So, the idea here is that these are the infrastructure, like I was saying, the plumbing of the web. So this would be things … And so the categories can be broken down, some are more physical as in-

Devon:

Storage, hard drives, GPU.

Amy:

… sure, or let’s say even-

Devon:

Oh, IRG?

Amy:

… actual tangible things like the Internet of Things, or things like solar, real world kind of infrastructure that is being tracked with these systems.

Devon:

Or on the car networks, where the location of the car is being tracked around. So you could build an Uber application on top of that kind of protocol.

Amy:

Or even the mechanics of what’s going on with the car, the data inside your own car, you actually don’t have a … Weirdly that’s owned by the car company that sold it to you right now.

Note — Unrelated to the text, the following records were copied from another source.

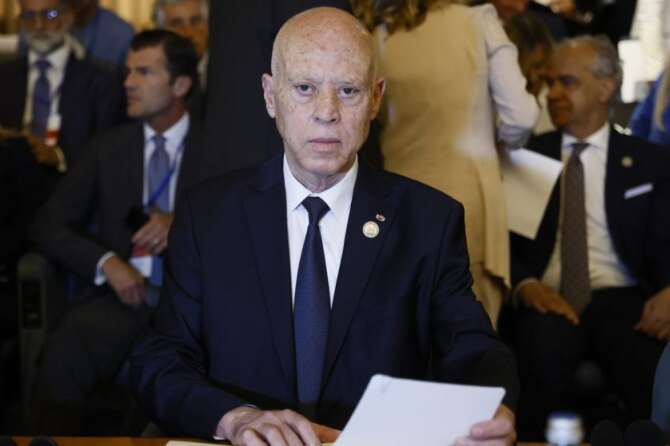 Tunisi gela Bruxelles, Saied vuole più soldi per gestire i flussi migratori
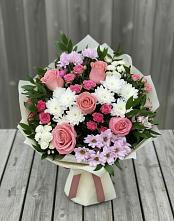 Букет цветов из:  Альстромерии, Гвоздики, Розы и Хризантемы в Соколе Магаданской области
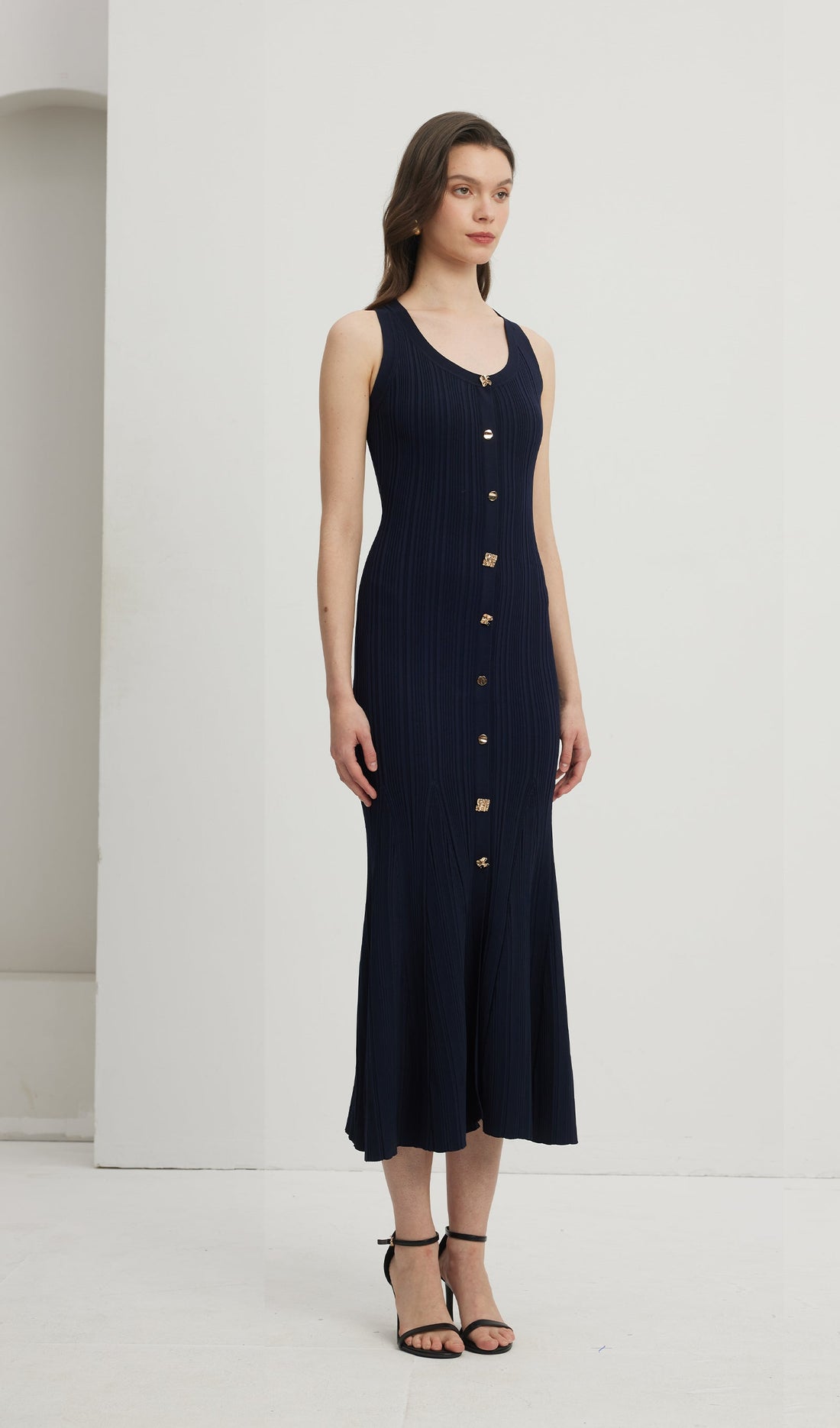 Metallic-Knopfbesetztes Strick-Midikleid 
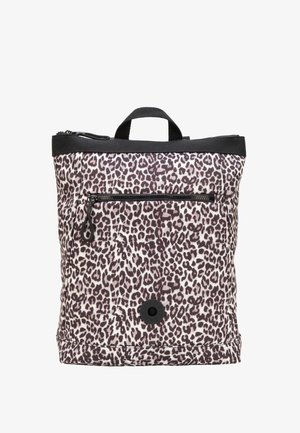 Zainetto piccolo con motivo leopardato bianco e nero, tasca con cerniera nera sul davanti, manico superiore nero e logo circolare nero vicino al fondo.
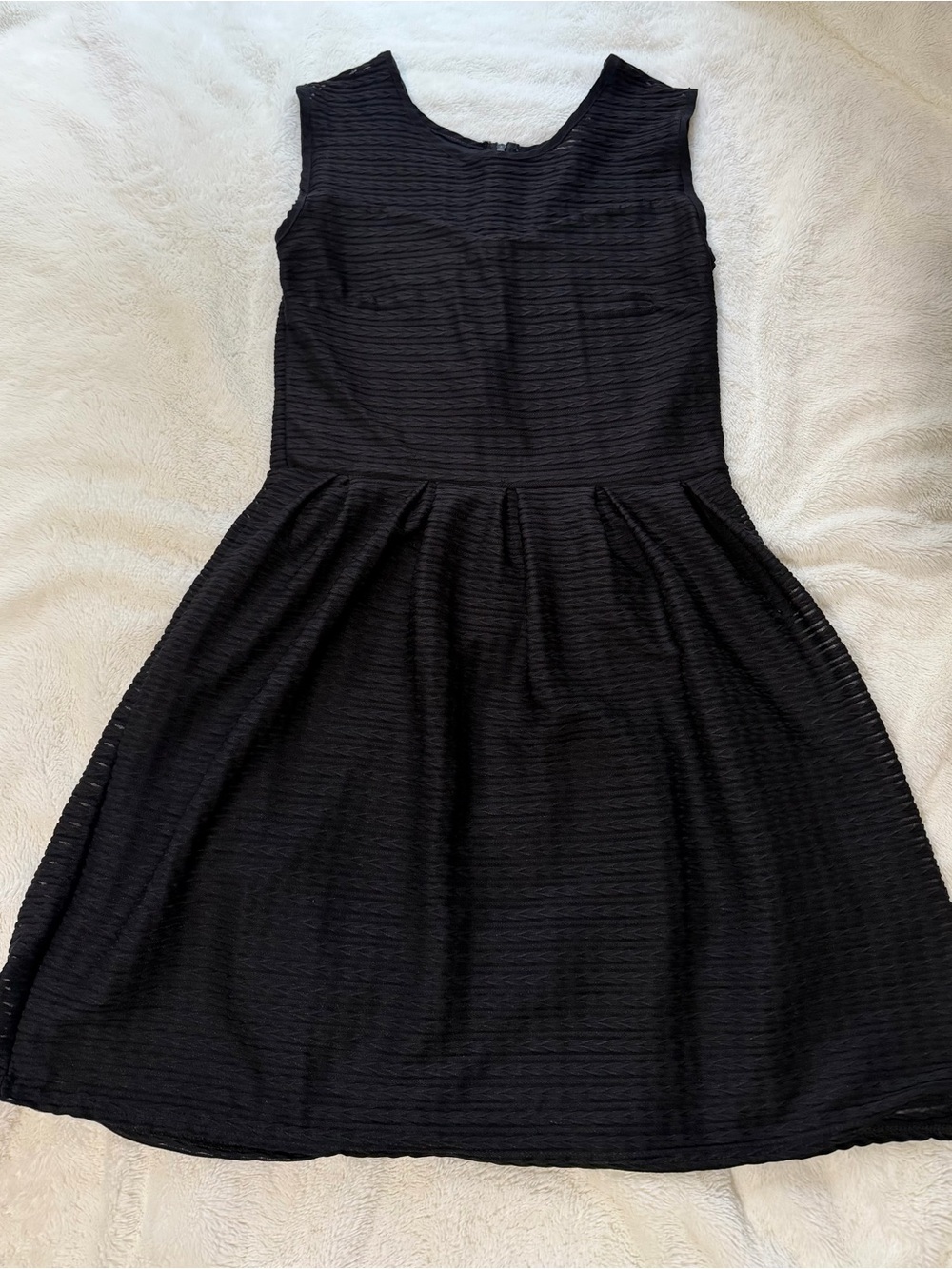 Sleeveless Black Textured Mini Dress Medium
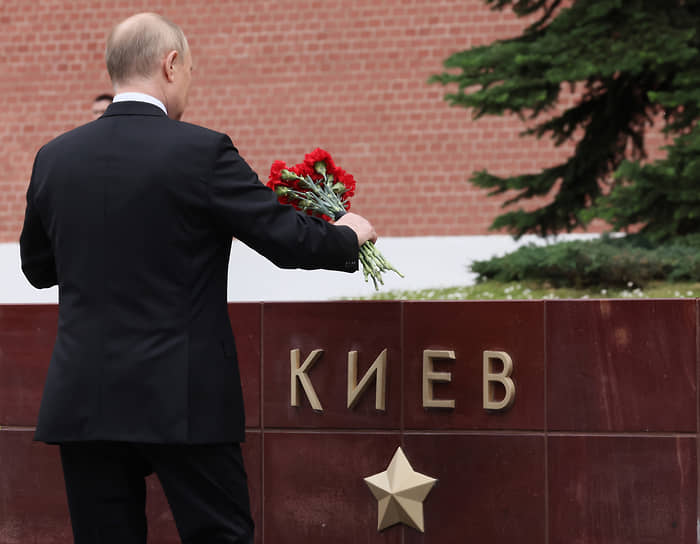 Владимир Путин возложил цветы к стелам городов-героев и подошел к монументу в честь Городов воинской славы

And so, there’s a company called DIMO that’s switching that so that it’s owned by the user, that kind of thing. It’s things like Helium-

Ian:

We actually had one of the founders of DIMO on the podcast.

Amy:

Oh, awesome.

Ian:

Yeah, we have to go way back to the early episodes of the show, but so definitely familiar with DIMO. So, DIMO, Helium.

Amy:

Helium is an infrastructure network for a phone network, but then there’s also the more digital infrastructure applications. So, that would be things like file storage, video transcoding-

Devon:

Computer rentals, just alternative to AWS.

Amy:

… yeah, and then also protocols for AI training. There’s another one for a cash network I really like because they’re creating a marketplace for GPU rentals and with how popular AI is becoming and the constrained supply of access to GPUs, they’re really solving that problem because a lot of times when you’re training an AI model, you need access to GPUs for a very short period of time and yet, to buy your own hardware would be very expensive and also you might have trouble getting access to it. And so, a rental market makes a lot of sense because you can get it for the period of time that you need it without having to own it, maintain it, and all of that kind of thing. And so, it just opens up access to a lot more people.

Ian:

And the decentralized element of all these things, I imagine people are going, “Oh yeah, GPU rental, that’s kind of what a public cloud does.” Or a cell phone network like Helium. Well, that’s kind of what T-Mobile and AT&T do if you’re listening in the US. The big difference here is those infrastructure components are not all owned and operated by a single company. They’re everywhere.

Devon:

It’s a market-

Amy:

That’s exactly right.

Devon:

… where you have users are actually providing the hardware itself, so they’re able to … I mean, one of the best advantages to it is if you think about something like the really high-end gaming systems, that the majority of people that aren’t active gamers, they might play one day a year, one day a month, and then otherwise it’s just sitting on their shelf. It could be contributing to these networks and it’s going to need less cooling and infrastructure than it would need if you put it into a big warehouse that was already getting too overheated, so it can a part … It can be a node on a network that’s being used to train an AI, or process video, or any number of other things and get paid for doing that, and it has less environmental impact to do it, and it’s already deployed infrastructure. It’s already out there in the world.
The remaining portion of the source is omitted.